Hint Let $km = n$ then if $b^{mk} - a = 0$ then $(b^m)^k - a = 0$ so maybe $x^k-a$ is the minimal polynomial?
Hint' Show that if $x^k-a$ has a factor then so does $x^{mk} - a$.
Given a field extension $K/L$ then $K$ is a vector space with coefficients in $L$ of dimension $\left[K:L\right]$ which is called the degree of the field extension.
The vector space $F(b^m)$ is spanned by $F$-linear combinations of the basis vectors $\left\{1,b^m,b^{2m},\ldots,b^{(k-1)m}\right\}$ so $\left[F(b^m):F\right] = k$.
Furthermore $\left[F(b):F\right] = n$ and $\left[F(b):F(b^m)\right] = m$ (prove these, for the second one use that $b$ is the minimal polynomial of $z^m - b^m$ [why can we not just use $z-b$?] in $F(b^m)$) so by $mk = n$ we have the identity $\left[F(b):F(b^m)\right]\left[F(b^m):F\right] = \left[F(b):F\right]$.
Why is $F(b^m)$ spanned by $F$-linear combinations of $\{1,b^m,b^{2m},…,b^{(k−1)m}\}$?
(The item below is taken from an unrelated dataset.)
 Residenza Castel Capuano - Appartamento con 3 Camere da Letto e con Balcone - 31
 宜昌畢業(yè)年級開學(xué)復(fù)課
$F(b^m)$ is the field generated by all well defined sums differences products and fractions of the elements $F \cup {b^m}$. So that means it includes $b^m, (b^m)^2, (b^m)^3, \ldots$ but since $b^m$ satisfies a polynomial every power of $b^m$ higher or equal to $k$ can be reduced by it to a linear combination of lower powers. Similarly $(b^m)^{-1} = a (b^m)^{k-1}$, of course the sum of linear combinations is again a linear combination so we have seen that $F$-linear combinations of $\{1,b^m,b^{2m},…,b^{(k−1)m}\}$ span $F(b^m)$. The fact it's an independent basis (i.e. cannot be made smaller) comes from the polynomial being minimal.